Take the lines below from the one with "Dacia Jogger 1.0" through the one with "Couverture du produit · L'Isle" and print only them, exactly. Don't print the pictures.

_Source material:_
* * * *
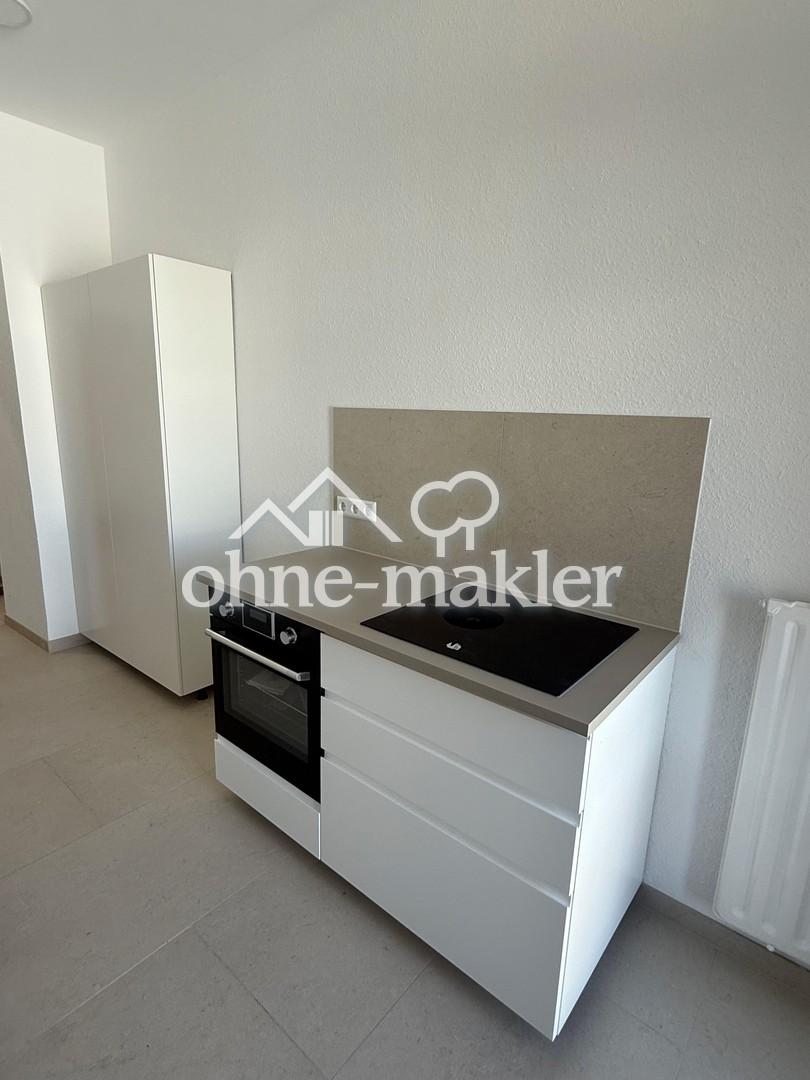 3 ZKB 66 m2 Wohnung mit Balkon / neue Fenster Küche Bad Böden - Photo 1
* * * *
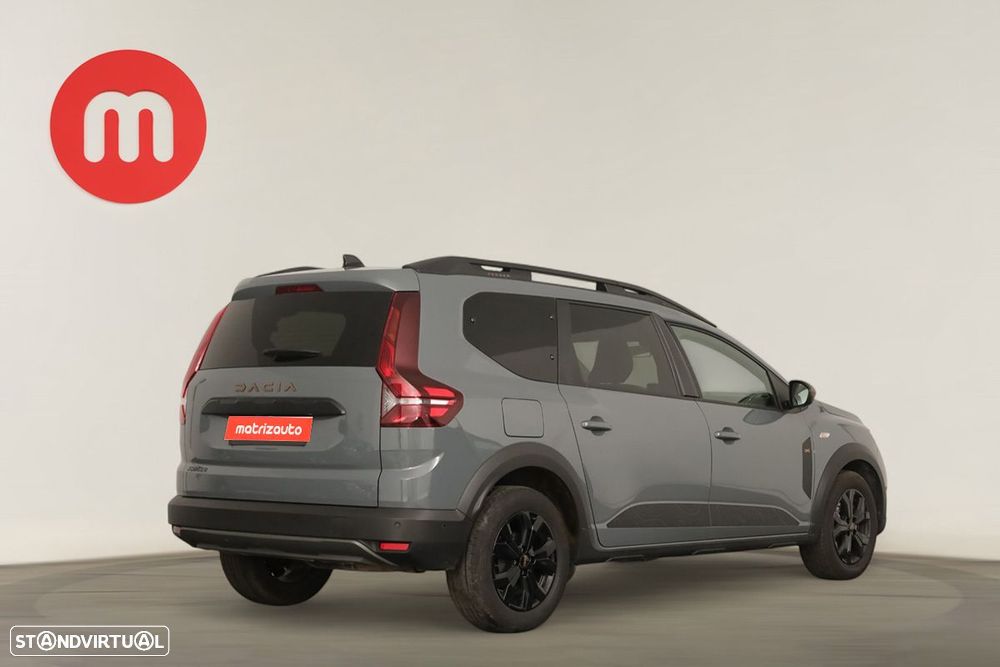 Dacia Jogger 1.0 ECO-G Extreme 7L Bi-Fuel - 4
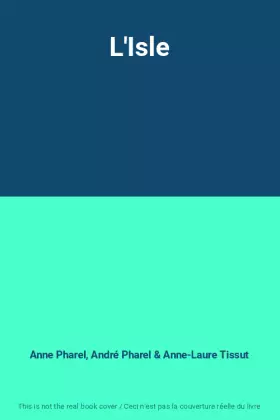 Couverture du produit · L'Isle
* * * *
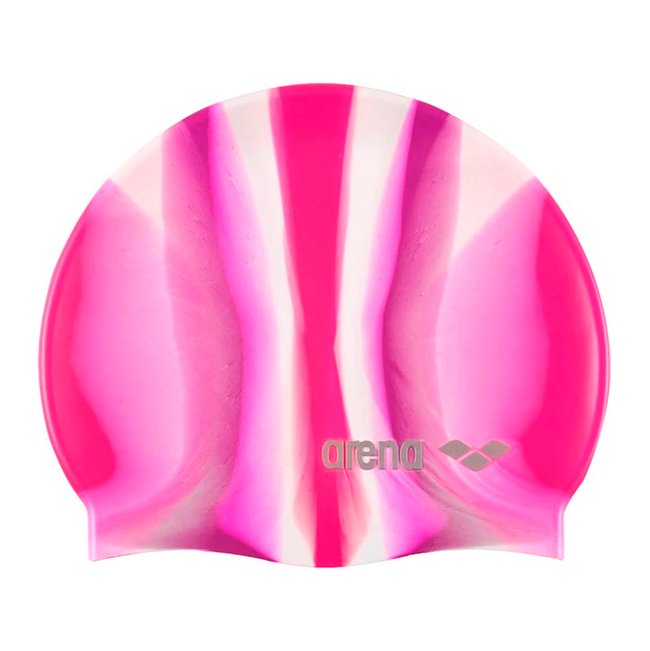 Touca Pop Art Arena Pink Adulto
* * * *
_Exercise output:_
 Dacia Jogger 1.0 ECO-G Extreme 7L Bi-Fuel - 4
 Couverture du produit · L'Isle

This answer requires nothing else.